Right, so under the old system you got a DSO only to battalion commanders and the occasional company commander and then the BEM to warrant officers and nothing for meritorious Other Ranks.   Now we have the Order of Military Merit.   The new system neatly captures the two streams of recognition - merit, and bravery.   Merit should be tied to rank and responsibility; physical courage not so much.  Smokey Smith was a private and Cec Merritt was a Lieutenant Colonel, both performed comparable acts of bravery.  John Foote only held honourary rank, as a captain, and was recognized with the VC not for killing people (though he did lay down cover fire with a Bren Gun) but for volunteering to spend the rest of the war in captivity.  All worthy VCs.

My only concern with the bravery awards is that IIRC they're (or at least the MB, not sure about the CV or SC) not awarded solely for combat or "military" bravery; if we ever do get involved in another war we might want to distinguish somehow between combat awards (charging a machinegun) with non-combat awards (pulling an injured person from a burning building).

Other than that, I'd say the system of honours has been streamlined for the better.  I also didn't like that the old awards couldn't be awarded posthumously; had Smokey been killed and the VC turned down, all he qualified for was a Mention in Despatches - MM and DCM weren't given posthumously.


----------



## Edward Campbell (22 Aug 2005)

Michael Dorosh said:
			
		

> Outside the Dungeons and Dragons club, probably no one.   Exactly why it is a suitable choice.   Look at US currency, for example - I don't know what E Pluribus Unum means.



From many: one.


----------



## Danjanou (22 Aug 2005)

Edward Campbell said:
			
		

> From many: one.



Funny Edward, never pictured you as a D&D type. 8) Maybe LOTR, you do look a bit like Gandolf.
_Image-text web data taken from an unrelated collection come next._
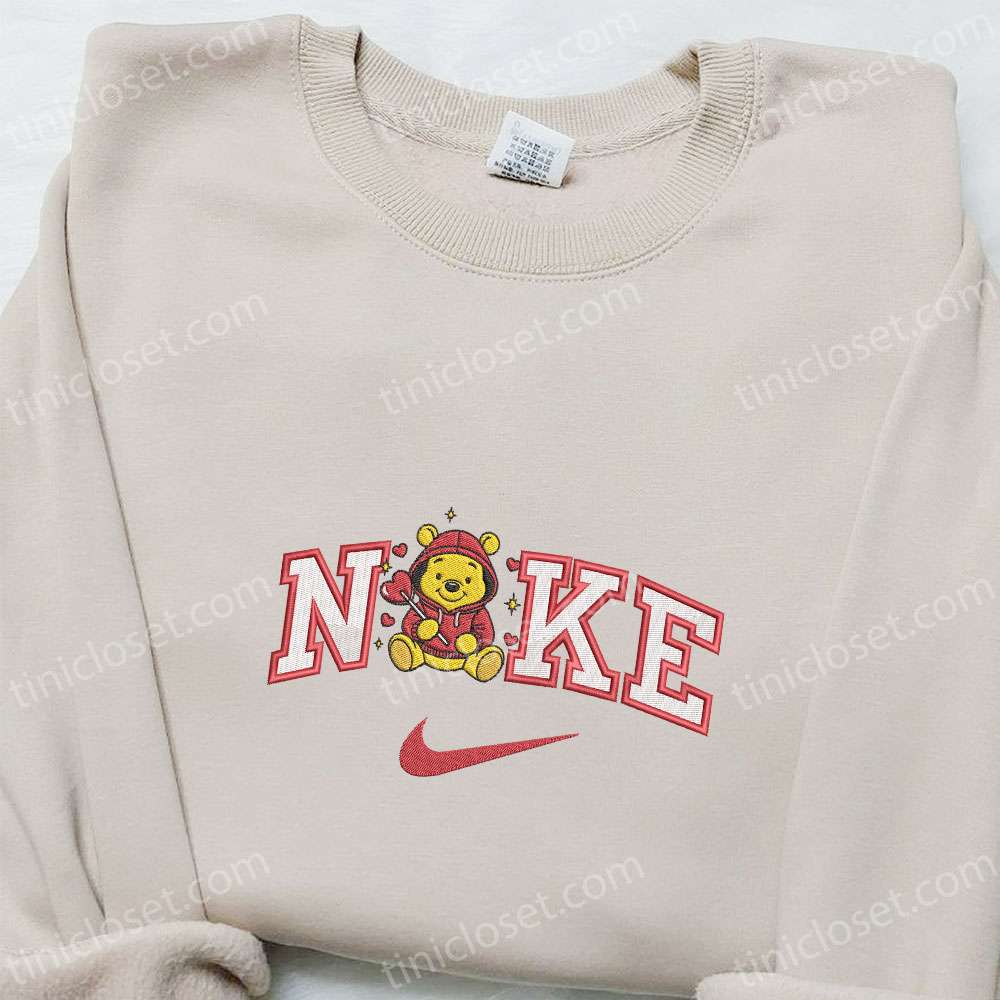 Nike X Winnie The Pooh Heart Lollipop Embroidered Shirt, Disney Characters Embroidered Hoodie, Best Valentine’s Day Gift Ideas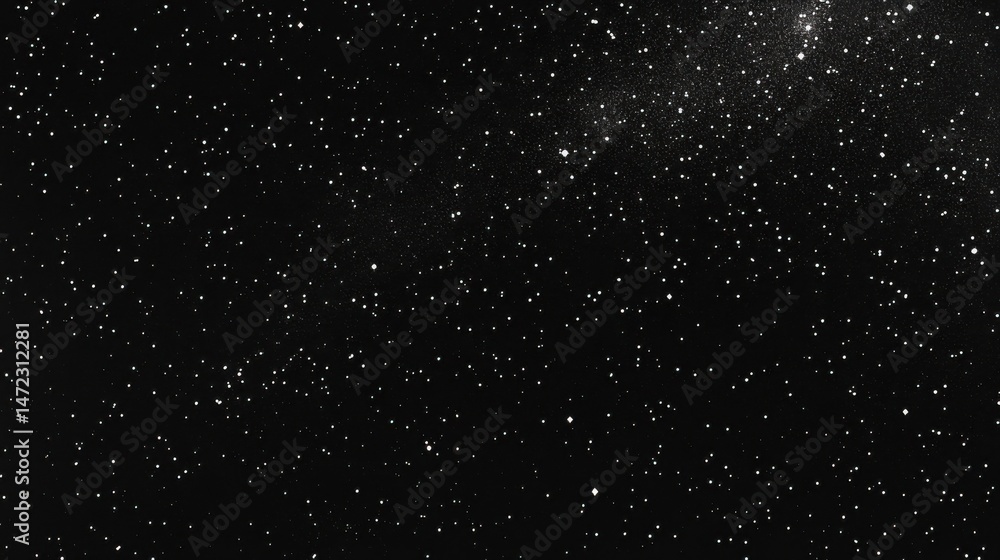Poster A mesmerizing digital illustration of a night sky, densely populated with countless tiny white stars scattered across a deep black expanse, creating a celestial tapestry. : Generative AI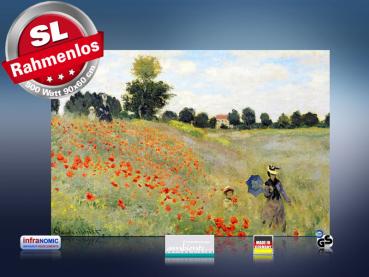 Preview: Infrarot Bildheizung Kunst 500 Watt 90x60 M10-SL Klatschmohn (Monet)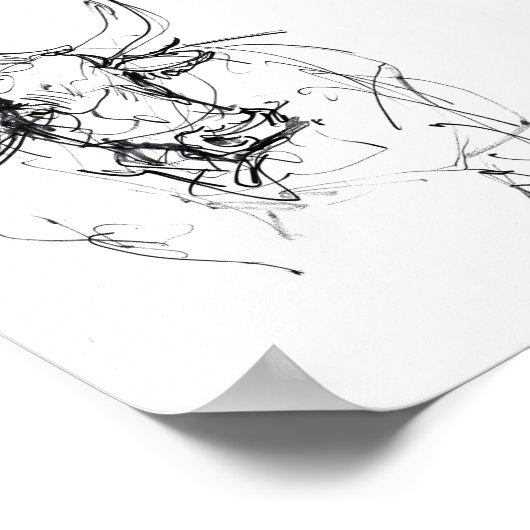 Abstrakt Bull Portrait Sketch Poster (Ecke)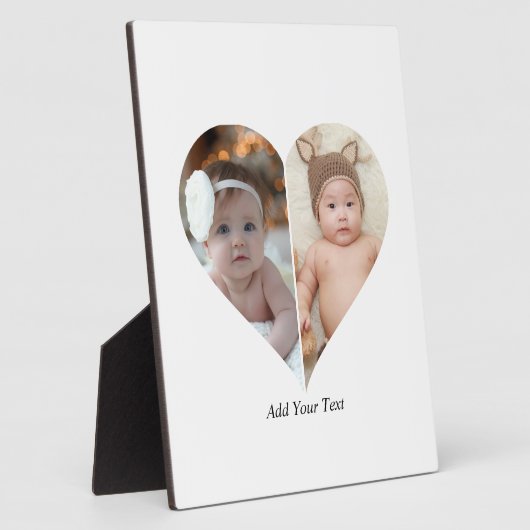 Hartvormig 2 foto collage fotoplaat (Zijkant)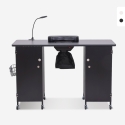 Manicuretafel met wielen, afzuiging en lamp in wit of zwart Talos Aanbieding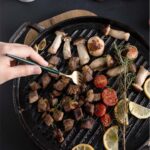 8-SOGA 30cm Ribbed Cast Iron Frying Pan Skillet Coating Steak Sizzle Platter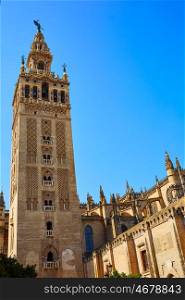 Seville cathedral Giralda tower of Sevilla Andalusia Spain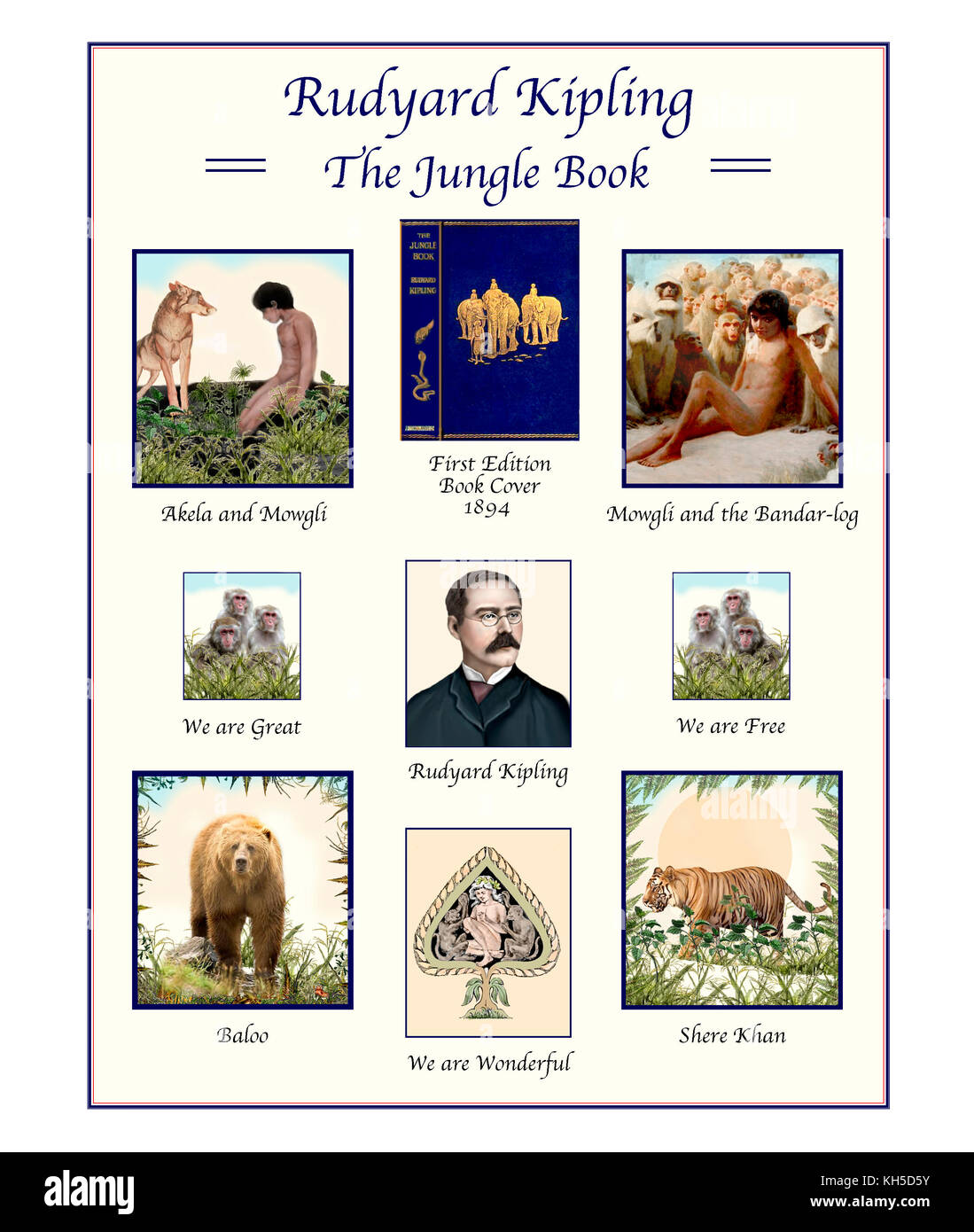 Das Dschungelbuch, Rudyard Kipling, Design Stockfoto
Seriously I'm with the majority here, some things just should just not be changed and this is one of them. I'm also a bit disappointed by the timing of this "debate" with Sgt Smith VC barely in his grave (and yeah I know he was cremated and his ashes scattered at sea, but you get my drift). I'd expect better from a fellow soldier General Senecal, sir.
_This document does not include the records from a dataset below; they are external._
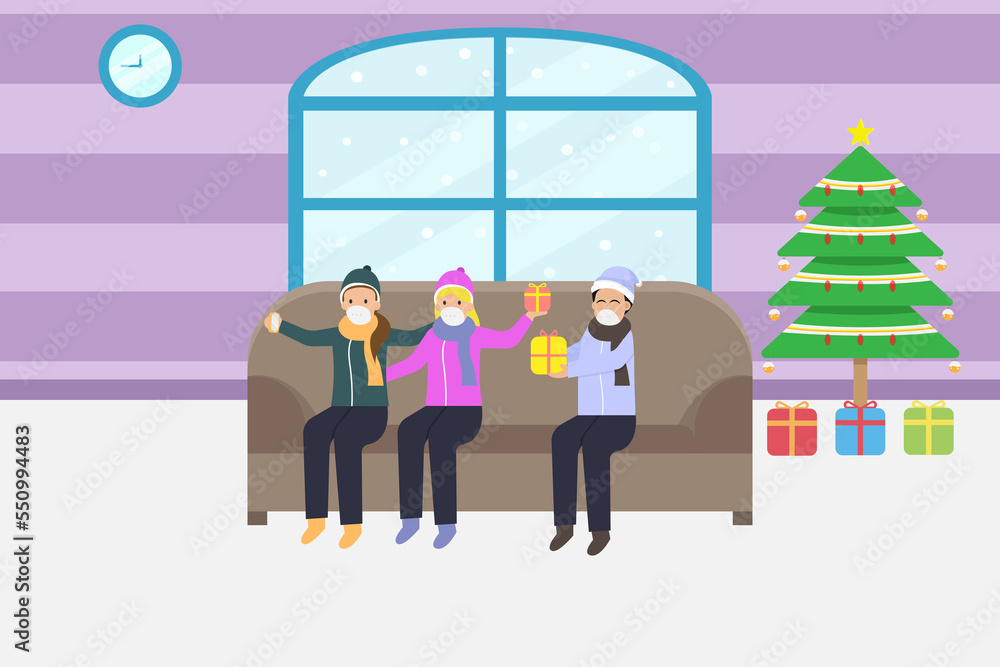 Friends cartoon character holding christmas gift on the sofa in living room at home Friends cartoon character holding christmas gift on the sofa in living room at home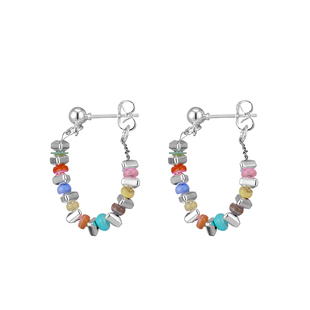 VOYAGE彩色多巴胺碎银耳环女小众设计感圈圈耳钉高级气质独特耳饰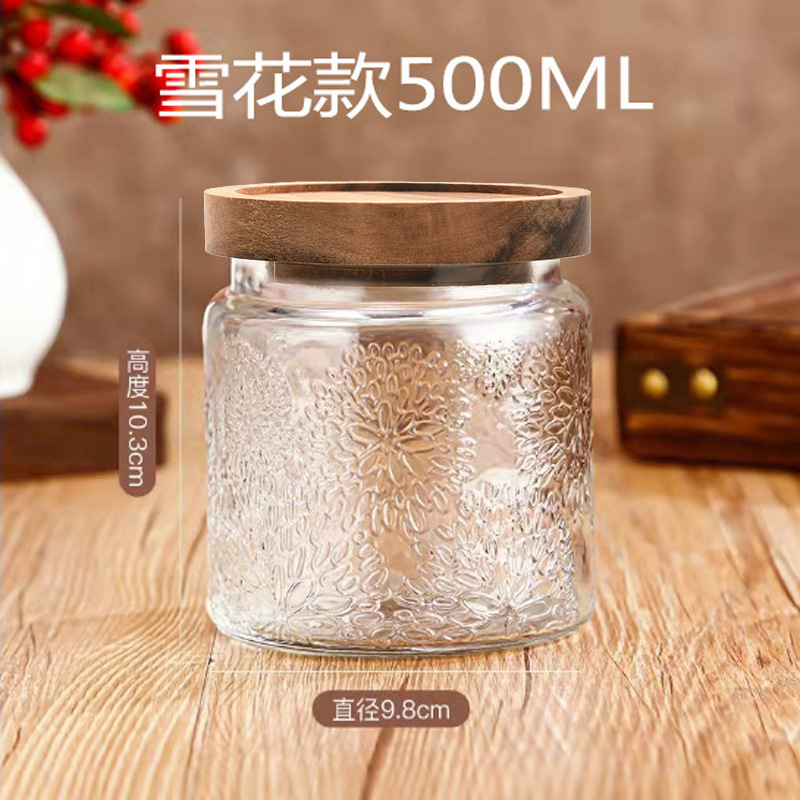 Tarro de almacenamiento de flores de Begonia vintage con tapa de madera tarro de almacenamiento tarro de vidrio sellado granos de té de frutas secas fábrica al por mayor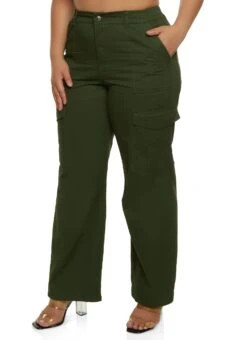 Ambiance Plus Size High Waist Twill Cargo Pants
Also bang on with your take on PET mon Colonel.


----------



## baboon6 (22 Aug 2005)

Australia has also introduced its own awards system but also retained the VC. The British medals have changed too. There are still separate medals for each service/environment eg. Military Cross, Distinguished Flying Cross, but now everyone is eligible for them, the old MM/DFM/DSM have been eliminated. The exception is the DSO, still only for officers, but now only for performance in command, not a "near-miss" for a VC as it sometimes was. A new medal, the Conspicuous Gallantry Cross, has been introduced to replace the DCM/CGM and in some circumstances the DSO.


----------



## Kirkhill (22 Aug 2005)

Used to be that lack of Latin was no laughing matter.      Oh how the world has failed me - and my Latin teacher.    I have a sudden urge to decline. 

Cheers.

By the way, generally speaking, I was under the impression that Medals went to ORs, Crosses went to Officers with the signal exception of the Victoria Cross and that Stars were things worn by foreigners and Aristocrats in tights.
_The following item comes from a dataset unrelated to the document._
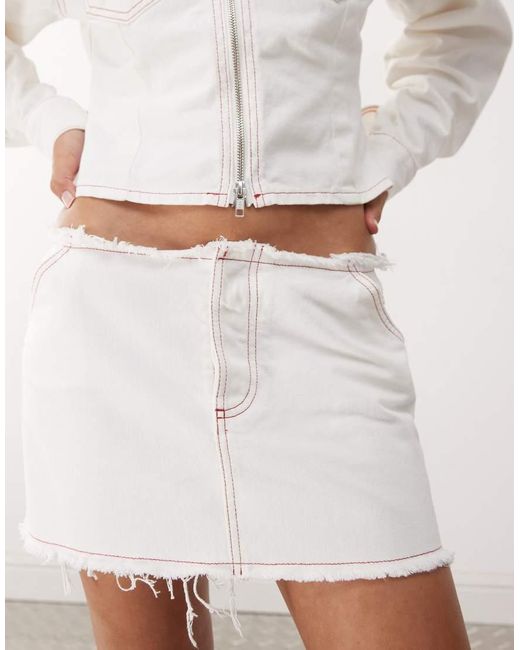 Collusion Denim Minirok Met Onafgewerkte Zoom in het White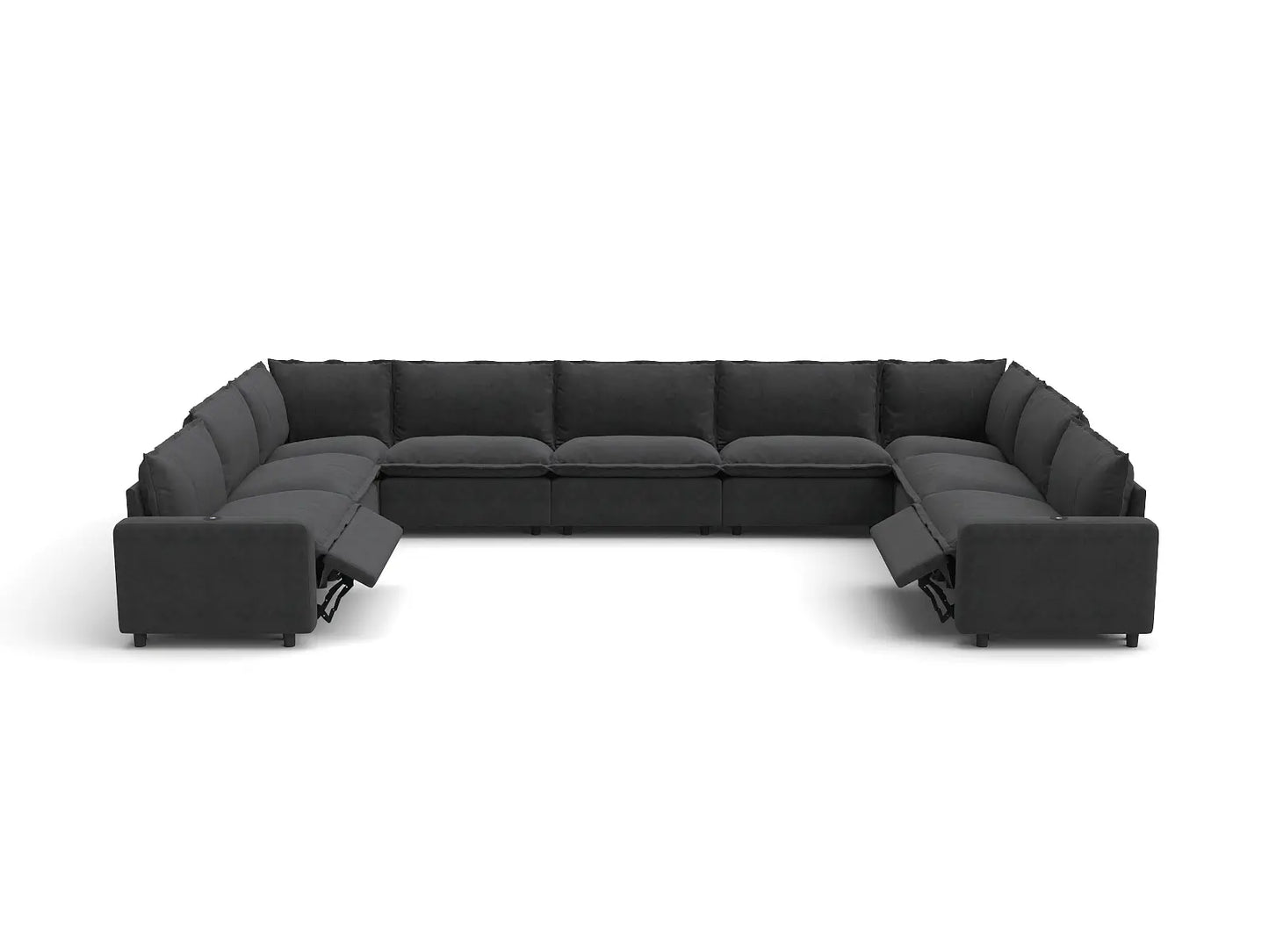 Modular Cero Reclining Sectionals | 9-Piece Grey Linen Open Space U-Shaped Sectionals 9-Seater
I don't know that I disagree with the Canadianizing of the Honours system, Brit-Canadian that I am, I just wish that they could have come up with more compelling, less bureaucratic titles.   Something that tied in to a historic sense - not something that had a Brave New World Year Zero miasma surrounding it.   The Order of Canada actually appeals to me.   The Order of Military Merit does not.   Call me peculiar.

By the way I also think that those invested in the Order of Canada might be awarded an Honourific to attach to their name so that they are recognized for their service in common parlance - Something like, oh I don't know - Sir/Sieur, Dame/Dame?

Sir Farley Mowatt?   Dame Karen Cain?   etc....


----------



## KevinB (22 Aug 2005)

I'm a 'little' disappointed the Order or Canada and other orders (for playing a good game of hockey, writing a good book) are higher on the scale than the MB etc.

 I for one think the troop that entered a minefield to retrive a injured civilian put a little bit more on the line than 'The Great One'.


----------



## Michael Dorosh (22 Aug 2005)

KevinB said:
			
		

> I'm a 'little' disappointed the Order or Canada and other orders (for playing a good game of hockey, writing a good book) are higher on the scale than the MB etc.
> 
> I for one think the troop that entered a minefield to retrive a injured civilian put a little bit more on the line than 'The Great One'.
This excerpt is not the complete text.